# I. M .s. Shower screen



## El carajillo (Mar 16, 2013)

Having purchased a 35 micron shower screen in the group buy, I thought I would relate my findings.

Wondering what if any advantage the screen would have I can now say it drastically reduces the coffee residue going back through the head and vent into the drip tray.The only component I have found inside the screen and on the head is a light brown stain from the coffee (liquid) but no grounds or fines at all. Stripping the E 61 head down and its valves there were no traces of fine's or grounds at all. A worthwhile purchase:good:


----------



## marcuswar (Aug 19, 2013)

Thanks for posting El carajillo. I also bought one and have it fitted but hadn't noticed much difference for good or bad, but if its having a positive effect on the cleanliness then that's a good thing


----------



## kikapu (Nov 18, 2012)

Same here not noticed any difference shot wise but when I back flush hardly any coffee is removed (as its not there) also very easy to wipe and remove all coffee from the screen


----------



## gman147 (Jul 7, 2012)

Overall by the time the water saturates the puck prior to pour there isn't much difference showing via a naked PF. However, you can see that water dispersion is more uniform without a PF in-situ; therefore in theory, there should be a more uniform extraction. I think for the price, it's a very worthwhile 'upgrade'.


----------



## Kyle548 (Jan 24, 2013)

What machine do these fit?


----------



## kikapu (Nov 18, 2012)

Kyle548 said:


> What machine do these fit?


Think pretty much all. Ask Charliej he organised the group buy and has the details of the different types avaliable


----------



## El carajillo (Mar 16, 2013)

If you look back at the group buy there is a link to the company and their products and all fitments.


----------



## Kyle548 (Jan 24, 2013)

I checked it, but that doesn't really help when I'm not certain of group specifics.


----------



## aaronb (Nov 16, 2012)

Kyle548 said:


> I checked it, but that doesn't really help when I'm not certain of group specifics.

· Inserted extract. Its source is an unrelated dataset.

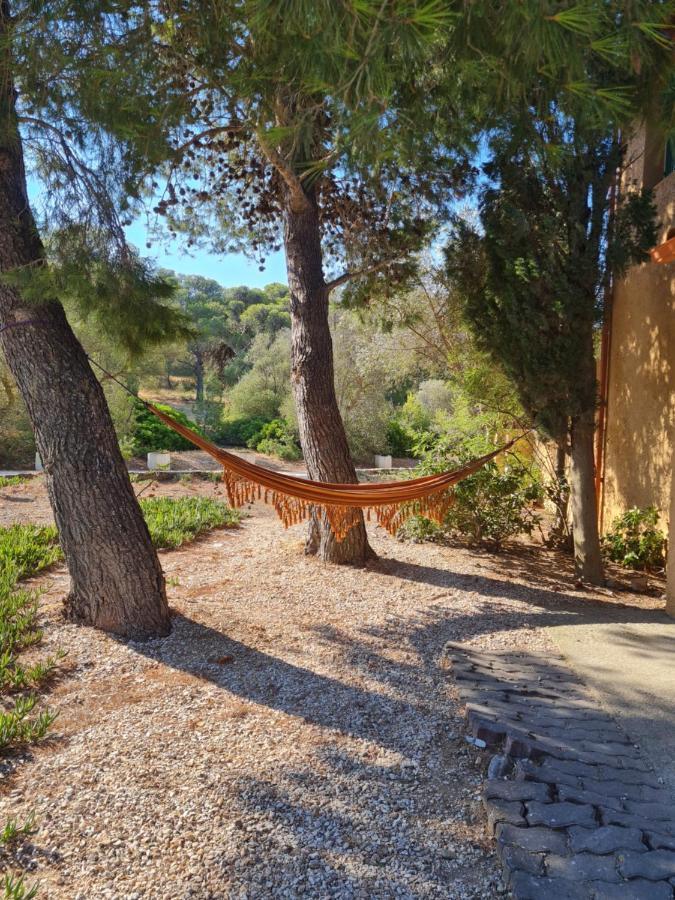Apartmán L'Oasis De Port Fitou Exteriér fotografie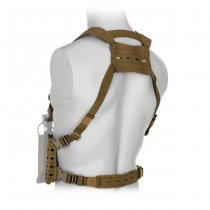 Templars Gear Chest Rig Conversion Kit - Coyote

it's all available on the following site:

http://www.espressoservices.co.uk/ims_filters_and_showers.html


----------



## aaronb (Nov 16, 2012)

but woven or integrated???

that is the question!


----------



## marcuswar (Aug 19, 2013)

I think most people went with woven. No idea what benefits one has over the other though


----------



## marcuswar (Aug 19, 2013)

Actually just checked the website and I think it was the integrated one I got not the woven.


----------



## Mrboots2u (May 10, 2013)

I have the integrated on the l1 , the water dispersal pattern looks very pretty and looks more even that the stock one .

I'm not sure I can tell any significant difference in the cup though


----------



## garydyke1 (Mar 9, 2011)

They were a PITA on the sage, the seal between portafilter and group head was compromised to the extend that coffee would make its way onto the group-seal after every shot and require loads more cleaning . I reverted to the standard Sage one and all is good again, minimum clean-up.


----------



## The Systemic Kid (Nov 23, 2012)

Mrboots2u said:


> I have the integrated on the l1 , the water dispersal pattern looks very pretty and looks more even that the stock one .
> 
> I'm not sure I can tell any significant difference in the cup though


With Boots - no problems with the IMS on LI - water dispersion is very even.


----------



## Charliej (Feb 25, 2012)

garydyke1 said:


> They were a PITA on the sage, the seal between portafilter and group head was compromised to the extend that coffee would make its way onto the group-seal after every shot and require loads more cleaning . I reverted to the standard Sage one and all is good again, minimum clean-up.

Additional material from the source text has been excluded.